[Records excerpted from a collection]

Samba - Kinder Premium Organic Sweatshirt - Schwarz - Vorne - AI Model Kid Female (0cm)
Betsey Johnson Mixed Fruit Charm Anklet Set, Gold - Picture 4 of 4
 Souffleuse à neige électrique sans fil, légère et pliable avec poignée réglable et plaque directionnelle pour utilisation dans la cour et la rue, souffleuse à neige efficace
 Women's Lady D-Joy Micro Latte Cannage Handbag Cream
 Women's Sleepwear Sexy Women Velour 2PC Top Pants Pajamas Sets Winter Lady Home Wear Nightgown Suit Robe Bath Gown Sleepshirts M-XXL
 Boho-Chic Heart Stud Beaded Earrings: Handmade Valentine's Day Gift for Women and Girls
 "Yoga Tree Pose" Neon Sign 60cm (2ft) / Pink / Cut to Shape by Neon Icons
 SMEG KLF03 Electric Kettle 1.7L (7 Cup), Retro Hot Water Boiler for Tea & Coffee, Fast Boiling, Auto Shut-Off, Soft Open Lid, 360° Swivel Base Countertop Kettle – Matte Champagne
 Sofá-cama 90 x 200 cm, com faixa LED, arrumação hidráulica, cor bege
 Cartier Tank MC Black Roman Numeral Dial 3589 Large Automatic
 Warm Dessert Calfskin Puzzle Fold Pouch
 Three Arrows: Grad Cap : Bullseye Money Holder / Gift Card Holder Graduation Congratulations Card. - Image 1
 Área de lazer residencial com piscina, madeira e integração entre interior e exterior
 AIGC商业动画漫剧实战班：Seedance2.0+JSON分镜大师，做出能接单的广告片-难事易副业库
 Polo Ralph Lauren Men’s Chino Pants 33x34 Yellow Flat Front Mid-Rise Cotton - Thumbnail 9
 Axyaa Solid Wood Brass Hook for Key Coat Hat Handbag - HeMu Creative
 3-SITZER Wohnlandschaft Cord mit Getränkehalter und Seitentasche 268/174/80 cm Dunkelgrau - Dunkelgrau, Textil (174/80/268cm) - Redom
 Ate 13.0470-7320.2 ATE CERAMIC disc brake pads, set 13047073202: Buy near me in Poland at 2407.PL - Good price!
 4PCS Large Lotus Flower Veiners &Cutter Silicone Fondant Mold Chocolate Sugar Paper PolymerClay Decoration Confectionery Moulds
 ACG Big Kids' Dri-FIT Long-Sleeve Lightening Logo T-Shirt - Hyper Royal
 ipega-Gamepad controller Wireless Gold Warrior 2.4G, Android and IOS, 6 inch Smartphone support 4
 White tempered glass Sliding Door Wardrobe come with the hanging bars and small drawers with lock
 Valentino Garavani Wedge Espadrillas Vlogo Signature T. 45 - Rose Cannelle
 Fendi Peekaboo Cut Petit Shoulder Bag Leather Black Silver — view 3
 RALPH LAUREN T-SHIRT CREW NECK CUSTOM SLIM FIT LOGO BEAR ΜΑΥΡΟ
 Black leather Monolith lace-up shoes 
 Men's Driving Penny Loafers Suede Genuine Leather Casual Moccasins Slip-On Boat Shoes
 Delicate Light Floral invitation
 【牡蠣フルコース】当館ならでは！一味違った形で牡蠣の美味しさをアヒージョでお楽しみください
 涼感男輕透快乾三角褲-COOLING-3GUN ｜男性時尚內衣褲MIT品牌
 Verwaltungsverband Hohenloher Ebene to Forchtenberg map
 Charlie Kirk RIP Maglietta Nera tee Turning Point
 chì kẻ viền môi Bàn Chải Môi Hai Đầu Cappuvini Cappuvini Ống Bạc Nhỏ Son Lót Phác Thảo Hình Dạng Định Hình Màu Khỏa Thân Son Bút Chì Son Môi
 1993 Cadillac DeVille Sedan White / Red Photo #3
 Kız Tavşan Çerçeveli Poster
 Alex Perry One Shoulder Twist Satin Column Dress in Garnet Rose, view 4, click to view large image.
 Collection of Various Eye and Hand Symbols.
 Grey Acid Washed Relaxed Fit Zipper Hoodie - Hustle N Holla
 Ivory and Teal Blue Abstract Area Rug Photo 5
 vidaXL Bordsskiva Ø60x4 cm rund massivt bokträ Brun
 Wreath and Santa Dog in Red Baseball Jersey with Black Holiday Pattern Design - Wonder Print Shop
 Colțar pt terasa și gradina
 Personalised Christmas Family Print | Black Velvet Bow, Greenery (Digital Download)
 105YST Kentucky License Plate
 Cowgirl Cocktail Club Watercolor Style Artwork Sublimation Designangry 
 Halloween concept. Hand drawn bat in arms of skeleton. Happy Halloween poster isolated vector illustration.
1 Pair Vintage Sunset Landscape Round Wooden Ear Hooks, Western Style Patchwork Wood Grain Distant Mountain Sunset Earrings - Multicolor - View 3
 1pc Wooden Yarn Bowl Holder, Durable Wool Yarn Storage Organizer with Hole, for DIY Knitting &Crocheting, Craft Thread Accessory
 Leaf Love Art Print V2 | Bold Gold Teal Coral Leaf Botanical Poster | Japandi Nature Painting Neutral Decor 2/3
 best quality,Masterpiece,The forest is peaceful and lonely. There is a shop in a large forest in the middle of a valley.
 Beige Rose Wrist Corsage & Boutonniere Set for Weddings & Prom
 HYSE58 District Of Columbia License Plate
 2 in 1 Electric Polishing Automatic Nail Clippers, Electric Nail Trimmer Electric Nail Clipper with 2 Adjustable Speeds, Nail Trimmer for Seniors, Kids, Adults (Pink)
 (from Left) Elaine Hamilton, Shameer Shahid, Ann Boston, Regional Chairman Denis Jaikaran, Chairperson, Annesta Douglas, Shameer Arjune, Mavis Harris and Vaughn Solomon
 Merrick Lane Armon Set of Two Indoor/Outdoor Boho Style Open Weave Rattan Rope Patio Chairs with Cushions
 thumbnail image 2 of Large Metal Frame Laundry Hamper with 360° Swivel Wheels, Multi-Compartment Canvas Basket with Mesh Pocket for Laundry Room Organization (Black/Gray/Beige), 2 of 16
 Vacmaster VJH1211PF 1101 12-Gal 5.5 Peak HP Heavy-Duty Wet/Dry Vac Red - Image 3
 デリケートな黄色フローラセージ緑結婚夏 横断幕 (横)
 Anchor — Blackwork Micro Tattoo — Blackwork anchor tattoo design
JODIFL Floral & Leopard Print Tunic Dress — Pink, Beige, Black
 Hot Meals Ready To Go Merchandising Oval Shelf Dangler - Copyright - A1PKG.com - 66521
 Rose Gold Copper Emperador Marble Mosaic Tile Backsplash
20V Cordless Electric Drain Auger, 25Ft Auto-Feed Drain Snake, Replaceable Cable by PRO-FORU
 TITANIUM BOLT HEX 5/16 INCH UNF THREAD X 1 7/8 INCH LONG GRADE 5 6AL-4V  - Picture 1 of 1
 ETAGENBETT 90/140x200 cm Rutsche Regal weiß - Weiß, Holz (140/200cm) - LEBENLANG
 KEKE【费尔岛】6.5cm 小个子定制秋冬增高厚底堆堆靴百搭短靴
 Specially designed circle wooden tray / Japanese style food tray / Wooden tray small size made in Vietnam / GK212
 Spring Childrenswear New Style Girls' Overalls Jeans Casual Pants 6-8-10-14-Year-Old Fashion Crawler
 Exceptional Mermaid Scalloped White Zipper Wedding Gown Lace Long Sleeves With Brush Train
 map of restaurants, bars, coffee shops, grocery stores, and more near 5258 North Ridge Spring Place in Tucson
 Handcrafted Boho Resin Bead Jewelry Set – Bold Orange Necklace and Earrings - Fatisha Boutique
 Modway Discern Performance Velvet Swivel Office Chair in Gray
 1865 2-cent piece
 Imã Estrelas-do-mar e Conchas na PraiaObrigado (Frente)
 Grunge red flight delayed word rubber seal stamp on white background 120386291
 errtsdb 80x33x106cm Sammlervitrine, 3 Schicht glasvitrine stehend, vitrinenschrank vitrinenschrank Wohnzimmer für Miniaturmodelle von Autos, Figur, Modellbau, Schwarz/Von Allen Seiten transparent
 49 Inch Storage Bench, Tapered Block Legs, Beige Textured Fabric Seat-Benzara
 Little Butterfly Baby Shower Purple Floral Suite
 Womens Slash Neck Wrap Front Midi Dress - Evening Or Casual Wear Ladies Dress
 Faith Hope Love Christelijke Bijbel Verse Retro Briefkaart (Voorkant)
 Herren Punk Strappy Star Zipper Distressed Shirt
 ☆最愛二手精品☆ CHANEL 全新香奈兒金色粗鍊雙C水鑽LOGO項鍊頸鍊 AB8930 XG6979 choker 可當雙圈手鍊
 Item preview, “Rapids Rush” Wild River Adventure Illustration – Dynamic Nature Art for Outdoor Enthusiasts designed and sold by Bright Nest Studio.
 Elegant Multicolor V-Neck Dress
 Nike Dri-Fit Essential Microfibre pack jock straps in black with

What you have to do
Every line above from the line with "Rose Gold Copper" to the line with "Spring Childrenswear New", inclusive, must be returned exactly; no other line belongs in the reply.

Exercise result
 Rose Gold Copper Emperador Marble Mosaic Tile Backsplash
20V Cordless Electric Drain Auger, 25Ft Auto-Feed Drain Snake, Replaceable Cable by PRO-FORU
 TITANIUM BOLT HEX 5/16 INCH UNF THREAD X 1 7/8 INCH LONG GRADE 5 6AL-4V  - Picture 1 of 1
 ETAGENBETT 90/140x200 cm Rutsche Regal weiß - Weiß, Holz (140/200cm) - LEBENLANG
 KEKE【费尔岛】6.5cm 小个子定制秋冬增高厚底堆堆靴百搭短靴
 Specially designed circle wooden tray / Japanese style food tray / Wooden tray small size made in Vietnam / GK212
 Spring Childrenswear New Style Girls' Overalls Jeans Casual Pants 6-8-10-14-Year-Old Fashion Crawler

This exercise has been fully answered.